The U.S. Joint Forces Command, which recently modeled every building in Baghdad in virtual space, is using that same technology in the Tidewater area of southern Virginia for this modeling and simulation project. Joining the command in the operation will be the Northern Command, DHS, the Federal Emergency Management Agency and the Virginia police.

The planned scenario involves a 10-kiloton nuclear bomb headed to Virginia from a foreign country.

“It’s a venue that we’re providing to allow a variety of organizations to work issues that they’re concerned about, and have access to partners that they wouldn’t normally have access to,” explained Navy Capt.
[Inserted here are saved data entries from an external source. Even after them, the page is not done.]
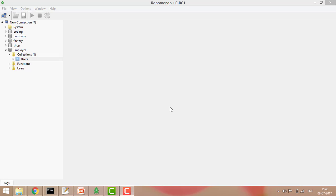Hey guys, welcome again. In the last tutorials we saw how to install MongoDB, then RoboMongo, and then we executed some queries including creating a database, creating tables, and inserting data into tables.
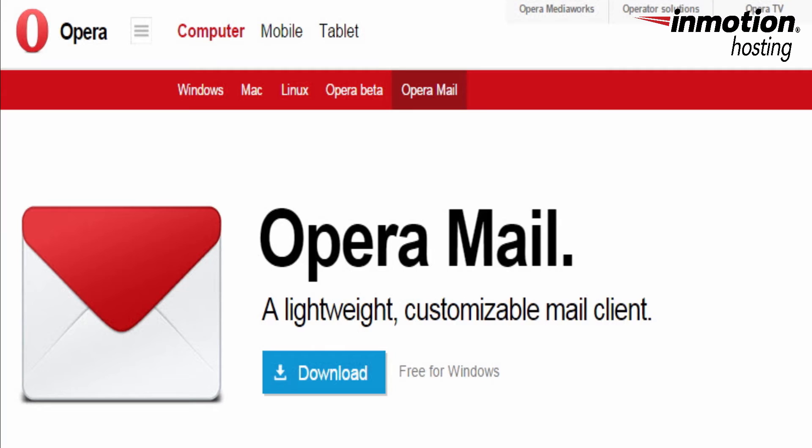Hi, I'm Arnel Custodio and welcome to InMotion Hosting's Advanced Support Series. Today we'll be showing you how to set up the Opera Mail Client. Opera Software has created a lightweight, customizable mail client that is available for both Windows and Mac. This tutorial describes how to install and configure the software for use with your hosting account.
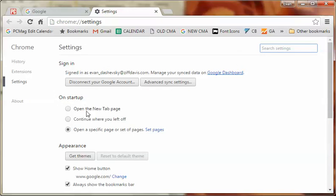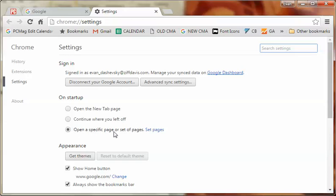Now you can do open the new tab page. That basically is just whatever your default new page is, so if it's Google or whatever it is. Or you can do continue where you left off so that will just open all the tabs that you had open right before you closed. Or you can open a specific page or set of pages.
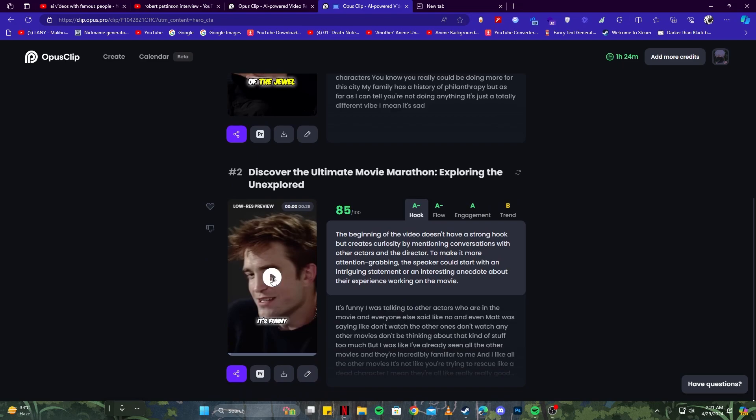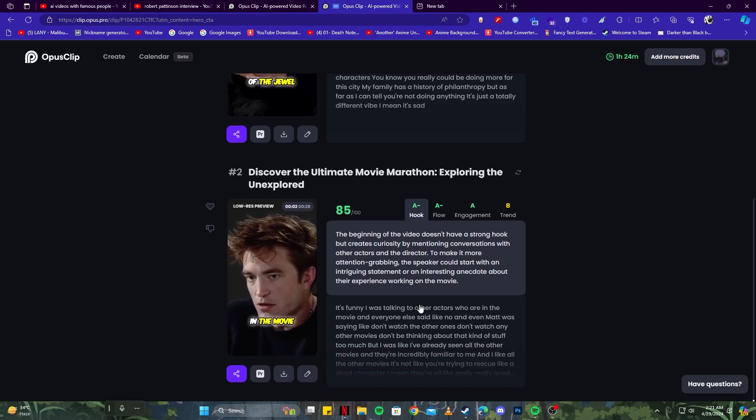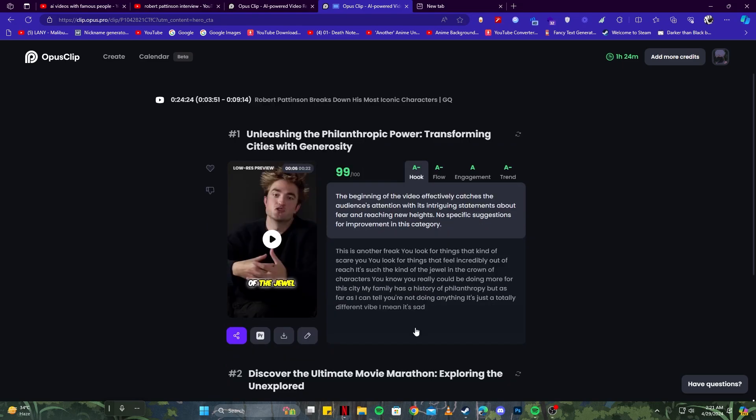'I was talking to other actors who are in the movie and everyone else...' You can just create videos using this tool. You don't have to show your face or record your own voice and still make a crazy amount of money. That was it for today's tutorial. I really hope you guys enjoyed watching. Consider leaving a like and subscribe. Thanks for watching.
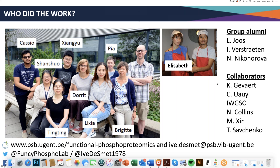I don't see any other questions. Yves, I'd like to thank you again for a great webinar and for kicking off the IWGSC webinar series. I'd also like to thank all of those who attended today and who will be looking at the video in the future. Thank you very much. You're welcome. Thank you. Goodbye.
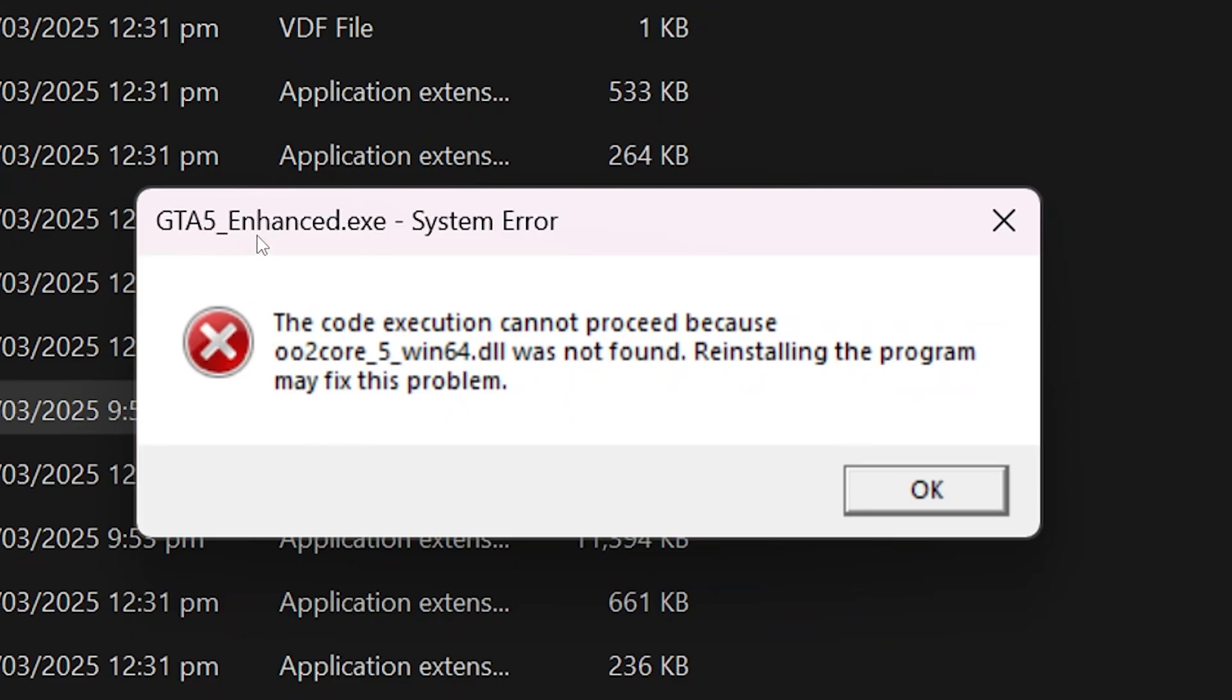In this video, I will share a guide on how to fix this system error in Grand Theft Auto 5 Enhanced without reinstalling the whole game.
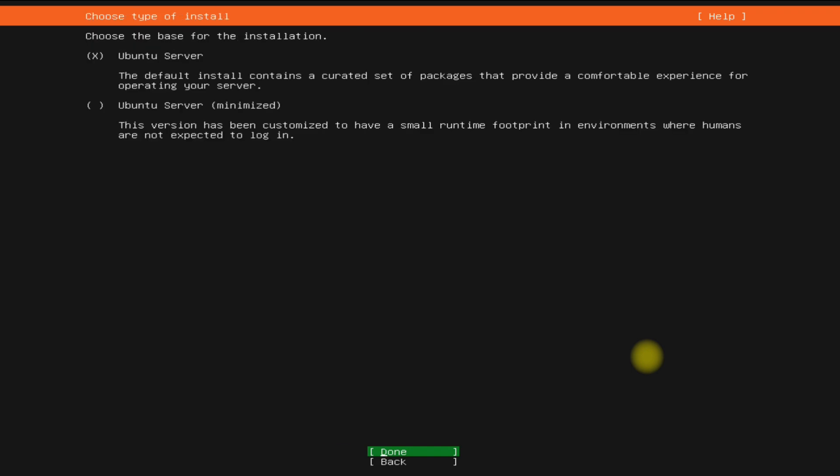There are two types of Ubuntu Server install available. The former is Ubuntu Server install, which is the default install and installs a curated set of packages that provide a comfortable experience for operating Ubuntu Server. This is good for newbies. The latter is the minimized Ubuntu Server, which is installed where no human interaction is needed and all tasks are done automatically.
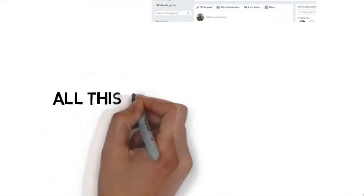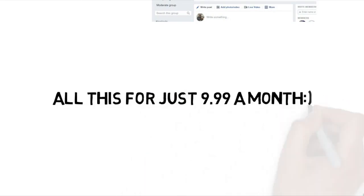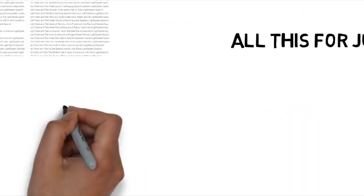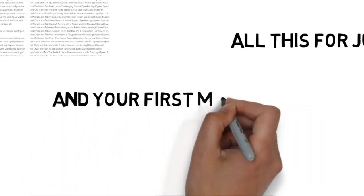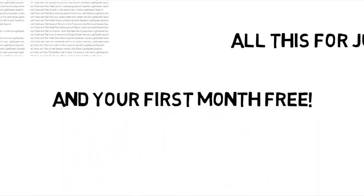And all of this is just for $9.99 a month. What's more, your first month's free, so you can try it before you buy it.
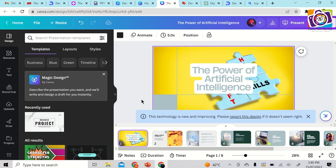Those are the five best AI websites you can use to create PowerPoint presentations. Please try them out and let me know how it goes in the comments. If you have any questions, let me know. Thanks for watching — have a good day, bye!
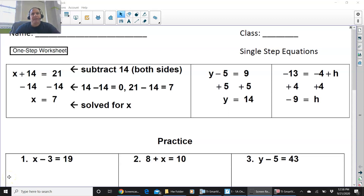Hello everyone, how are you doing? I just wanted to go over one-step equations.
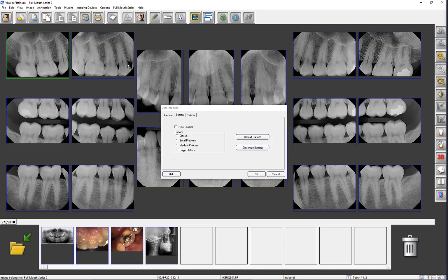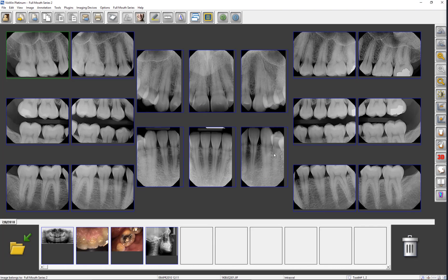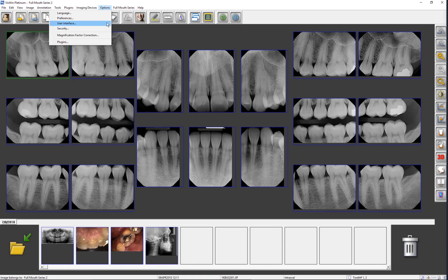Click Close to return to the User Interface dialog window. Let's click Default Buttons to revert to the default view, restoring any deleted buttons and removing any buttons added. Notice the Rotate 180 degrees is no longer on the toolbar. If you have any unanswered questions, you may click on Help which will open the VixWin Platinum User Manual. The Sidebar tab allows you to make the same type of changes for the sidebar as we have just done for the toolbar.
John M. Kersh Jr., who heads U.S. Joint Forces Command’s J9’s Joint Context and Homeland Defense Department. “I’m sure there are already some working relationships. Anything we can do to enhance those relationships and introduce other people, that’s a great thing.”

Kersh said the military is taking what it learned overseas and bringing that knowledge back to the U.S. to protect the homeland. In this scenario, the threat originates in Europe and travels to the U.S.

“You try to prevent the problem by working with your multinational partners,” he said. “And give the multinational partners an opportunity to interrupt the threat as soon as possible, so you work the problem as far in advance as you can.”

In this case, as the bomb gets closer to its destination, other agencies are brought into the planning.

“The problem eventually arrives at the Commonwealth of Virginia with that threat making it into port and then blowing up,” he said. “This will cause us to work the consequence management part of the problem.”

Noble Resolve ’07 will test state planners and emergency manpower as well as federal.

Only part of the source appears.